A Journey of Discovery, Part 2: Handlebar Bags and Aluminum Fenders

In the last installment of this series, we looked at the bikes we rode when Bicycle Quarterly got started almost a decade ago. How did our preferences change from our familiar bikes with mid-trail geometries, 700C x 28 mm tires and saddlebags to low-trail 650B bikes with much wider tires and handlebar bags?

Influenced by Mike Kone (then of Bicycle Classics) and Grant Handley, I had admired the French cyclotouring bikes from René Herse and Alex Singer for a while. The consensus back then was that they were beautiful, but probably not great to ride. Except that nobody I knew had ridden one for any significant distance…

Paris-Brest-Paris 1999 was a bit of an eye-opener for me. At the finish, I bought Bernard Déon’s wonderful book Paris-Brest et Retour, which chronicles the history of this fascinating event. And there I learned about the amazing performances of randonneurs in the 1940s and 1950s, on classic cyclotouring bikes. I also visited Cycles Alex Singer, and saw bikes that were far more sophisticated than my own.
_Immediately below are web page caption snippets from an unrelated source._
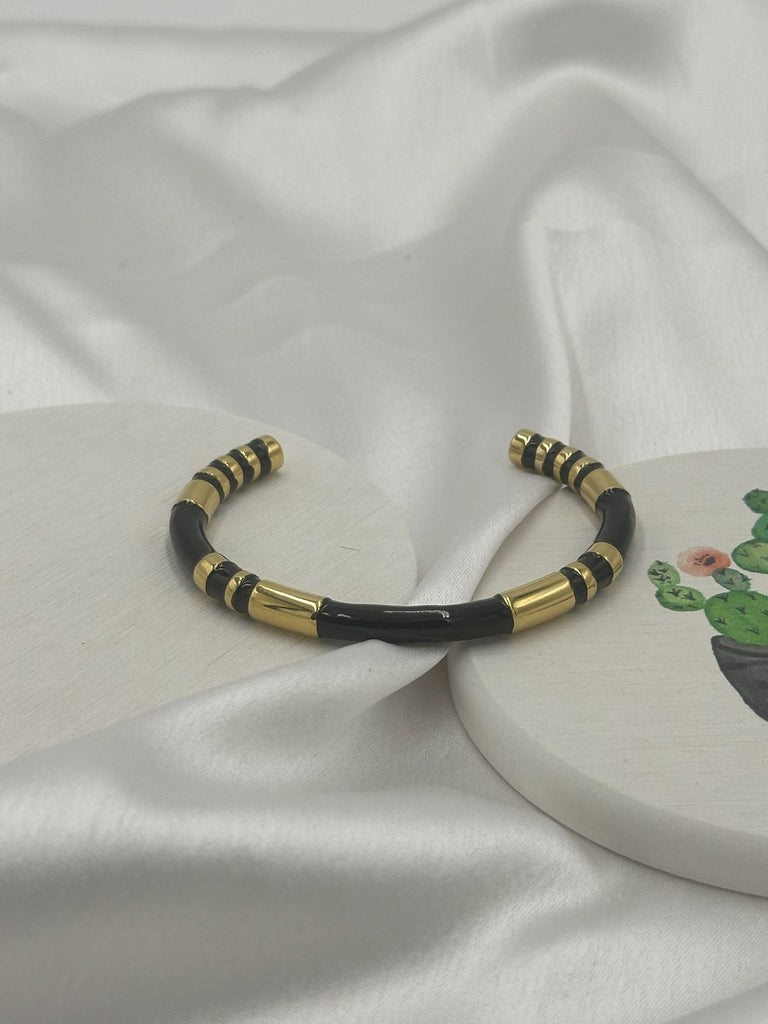Black and gold enamle kada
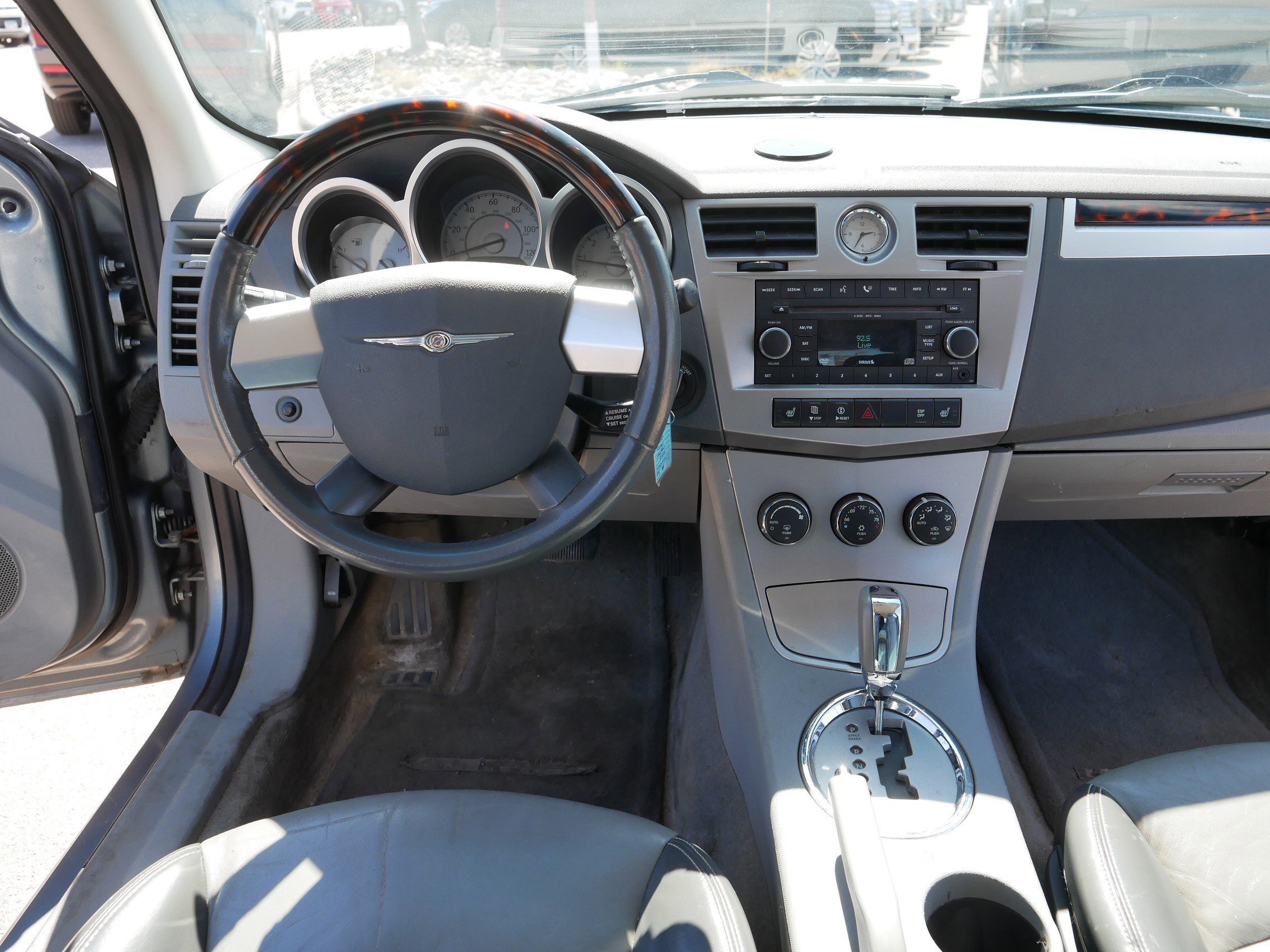 Used 2007 Chrysler Sebring Limited w/ Luxury Group image 20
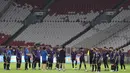 Pemain Thailand saat latihan jelang laga kualifikasi Piala Dunia 2022 di SUGBK, Jakarta, Senin (9/9). Thailand akan berhadapan dengan Indonesia. (Bola.com/M Iqbal Ichsan)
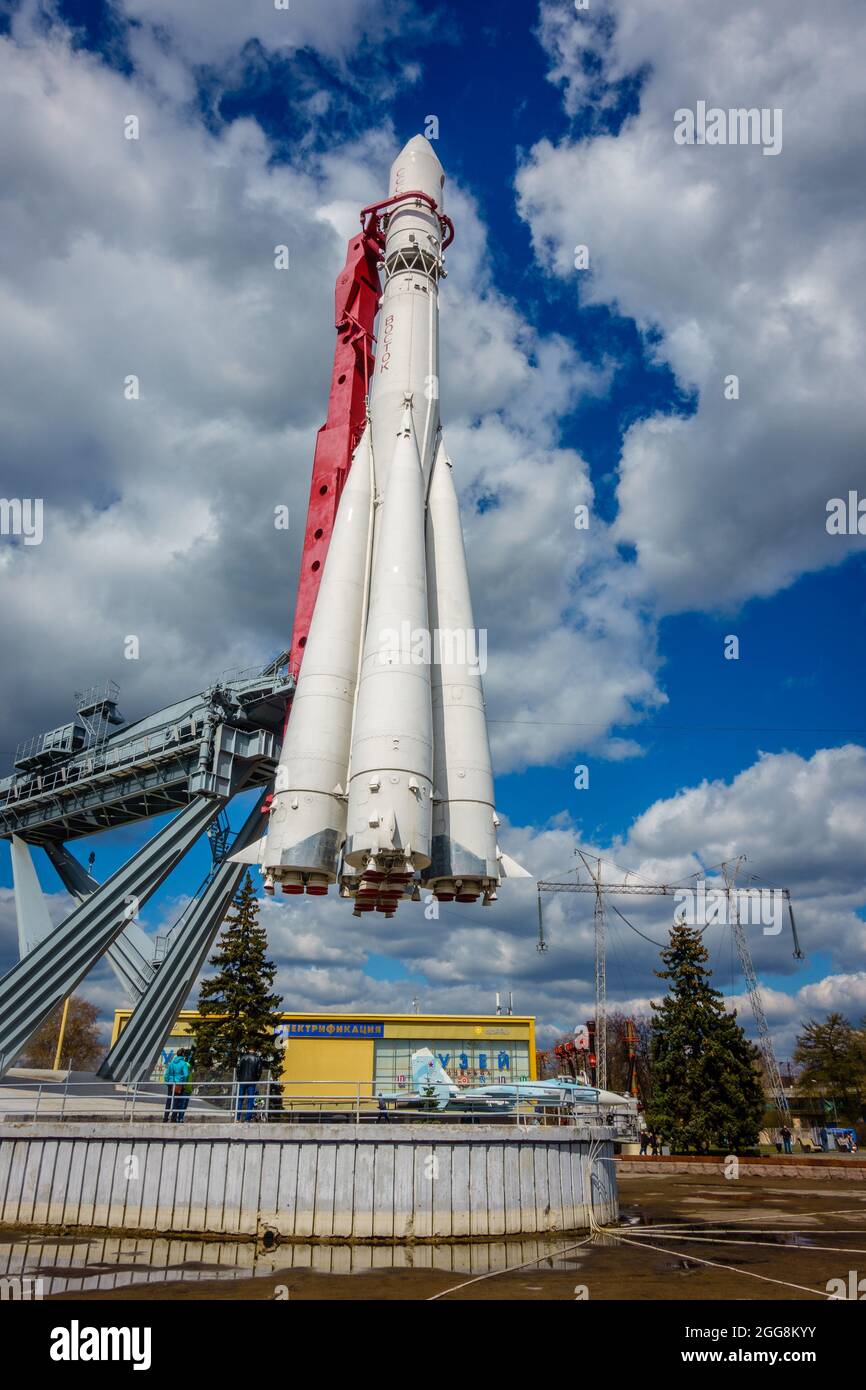 Mosca, Russia, 23 aprile 2016: Vostok veicolo spaziale in mostra alla Mostra dei risultati dell'economia nazionale a Mosca, Russia Foto Stock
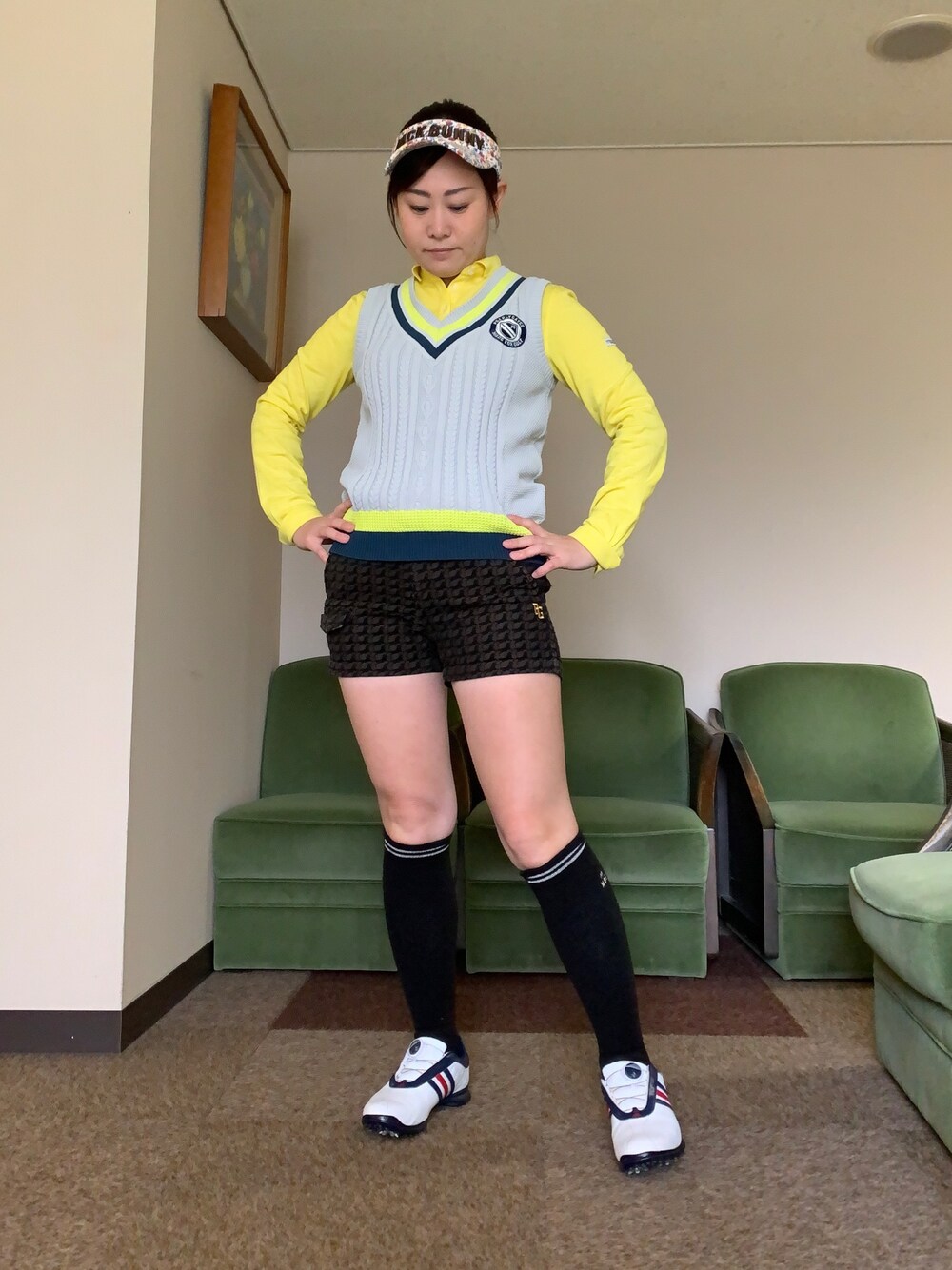 「ゴルフ、ゴルフウェア、ゴルフコーデ、ゴルフ女子」｜「PEARLY GATESのアイテム（その他パンツ、ブラウン系）」を使った、qurocheさん（レディース・156cm）の秋コーディネートの1枚目の写真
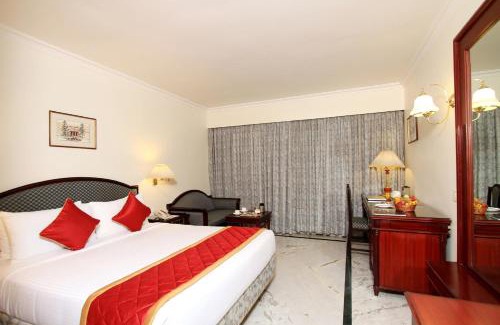 Gandhi Nagar Hotel | The Rialto Hotel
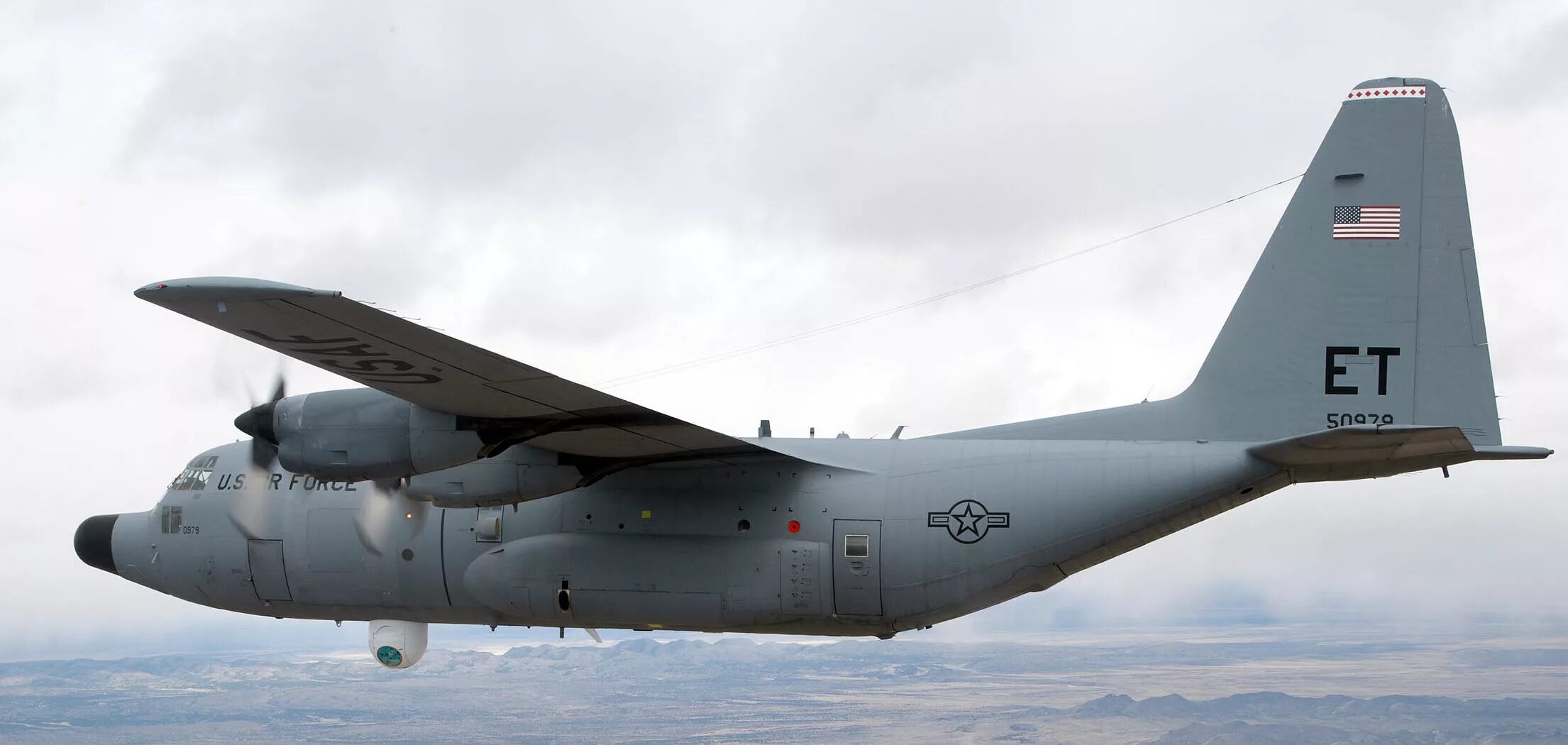 Ac 130j. AC-130 Hercules. Самолет огневой поддержки АС-130. AC-130 Spectre.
As I did more randonneuring, I realized that having my luggage accessible in a handlebar bag would be better than having to stop every time I needed something out of my saddlebag. However, I had heard that handlebar bags negatively affected the handling of the bike. How did the randonneurs in Déon’s book ride 765 miles with their full handlebar bags? I noticed that the French bikes all used a bag-support rack that securely mounted the bag as low as possible, rather than suspending a floppy bag from the handlebars high above the front wheel. On a return visit to Paris, I asked Ernest Csuka at Cycles Alex Singer about this, and he confirmed that a stiff rack was key to good handling with a handlebar bag.

When my frame needed some repairs, I used the opportunity to incorporate what I had learned. I had a custom rack made, as well as a decaleur. I made the correct braze-ons, and the builder added them to the fork. When I rebuilt the bike, I replaced the plastic fenders with aluminum ones, mostly because I preferred the way they looked. My bike now began to look like a French randonneur bike (see above, click on photos for higher resolution).

The handlebar bag was great, and with the rack supporting it, the handling was fine. The biggest surprise were the aluminum fenders. Not only did they offer more coverage, but they also kept the water inside, rather than have it drip from the edges. My feet (and my bike’s chain) stayed much drier and cleaner. And they were lighter, too! I began to realize that the French constructeur bikes were not just about aesthetics, but also about function.

My friend Mark also saw the advantages of a handlebar bag, and came up with his own solution: He attached a second (threadless) stem to his original one. Where the steerer tube usually goes, he inserted a short length of PVC pipe. Now he had a secure, low mount for his Ortlieb handlebar bag. And soon thereafter, he also installed a set of Honjo aluminum fenders. For the time being, we were very happy with our bikes.

But our journey of discovery was far from over…

Click here to read Part 3 of this series.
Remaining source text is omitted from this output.